El Mercurio, 27/02/2009
Opinión

Un liberalismo del sur

David Gallagher.

Estuve en Washington la semana pasada. Mientras empezaban a florecer los cerezos, la capital era invadida por lo que los periodistas llamaban un «tornado de populismo». Los legisladores y el «pueblo» (léase los periodistas) despotricaban contra los bonos pagados a ejecutivos de AIG y, de paso, contra cualquier institución financiera. Una indignación entendible, pero autodestructiva. Parecía que en Washington, más que arreglar la crisis, interesaba castigar a chivos expiatorios. Con razón Bernanke ha dicho, ominosamente, que lo que más le preocupa es la falta de voluntad política para superarla. Una prueba de fuego será el nuevo plan de Geithner, porque en el Congreso él mismo ya está de candidato a chivo expiatorio.

Todas las grandes crisis generan una caza de culpables. Porque en ellas hay muchos culpables, y nadie quiere admitirlo. Sin duda, los más culpables fueron los que apostaron sus bancos como en un casino, y los reguladores, que no hicieron nada. Pero casi todos nos beneficiamos de la fiesta. En cuanto a los reguladores, en Nueva York temían que si intervenían demasiado, los negocios se irían a Londres, y en Londres decían lo mismo de Nueva York. Está claro que hay fallas de gobernanza global que, con la globalización, ya no son admisibles.

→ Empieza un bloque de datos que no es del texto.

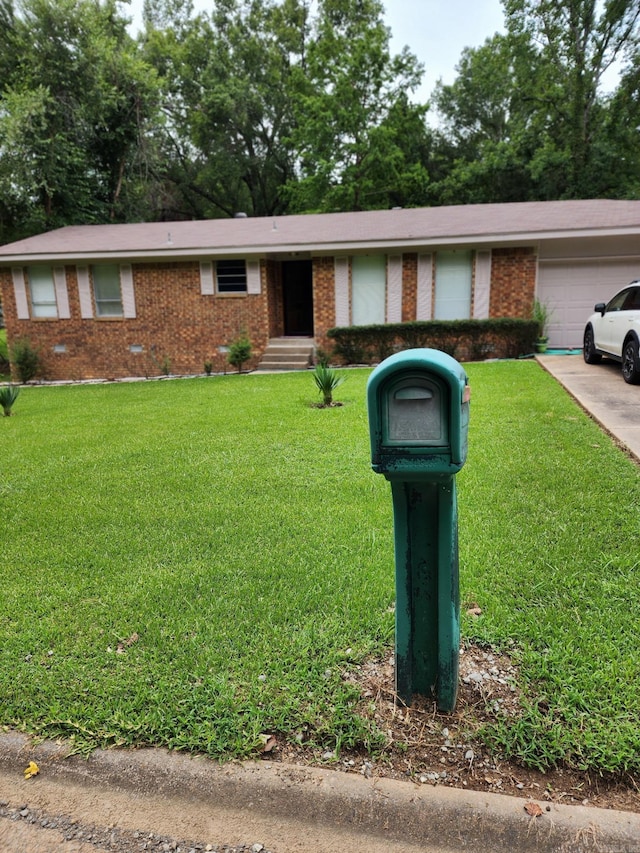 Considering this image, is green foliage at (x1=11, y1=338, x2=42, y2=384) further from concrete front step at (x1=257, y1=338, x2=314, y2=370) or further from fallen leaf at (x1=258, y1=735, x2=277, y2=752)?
fallen leaf at (x1=258, y1=735, x2=277, y2=752)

En Washington temen que el nuevo populismo se extienda ahora al libre comercio. Ya casi no quedan legisladores que lo apoyen. Parte del problema es que, si bien la globalización beneficia a todo el mundo a la larga, en el corto plazo parece beneficiar más a los países más pobres. En Europa, el mercado único ha levantado a los países del Este tanto, que los sueldos polacos, por ejemplo, han ido de a poco convergiendo con los alemanes. Claro que en la Unión Europea la convergencia entre los países más pobres y los más ricos ha sido facilitada también por transferencias fiscales y por migraciones laborales: el gásfiter polaco que va a Alemania empieza a ganar como un gásfiter alemán, que a su vez empieza a ganar menos. Pero el solo hecho de que haya un mercado común parece producir convergencia. Después, suben los sueldos de todo el mundo, porque la torta se agranda. Pero en el corto plazo hay algo de verdad en el típico eslogan electoral de que la globalización es nociva para el trabajador americano. En una crisis como ésta, hay el riesgo de que ese «algo de verdad» se convierta en dogma.

En Washington nadie cree, todavía, que se produzca un retroceso proteccionista grave, pero nadie cree que se avance en libre comercio, de que se complete la ronda de Doha, por ejemplo. Según me decía un economista indio, «quedaremos como una carreta de bueyes en el barro del monzón, sin avanzar ni retroceder».

Ojalá tenga razón. Hay visiones más pesimistas. Hay las levemente pesimistas, que vaticinan más proteccionismo bajo el disfraz de exigencias laborales o ambientales. Hay las apocalípticas, que vaticinan un proteccionismo flagrante y una dura reacción contra los inmigrantes, tanto en Estados Unidos como en Europa.

En todo caso, si la globalización favorece más a los países más pobres, cabe que cambie la forma en que éstos enfocan su diálogo con los más ricos. En vez de encarnar añejas ideas chavistas, al «sur» le conviene convertirse en el adalid del libre comercio y de la globalización, obteniendo así legitimidad para lograr más voz y voto en las organizaciones multilaterales, y contribuir a una mejor gobernanza mundial. Un tema para la reunión del G-20 la próxima semana. Una pena que en ella nuestra parcela del sur sea representada por la señora K.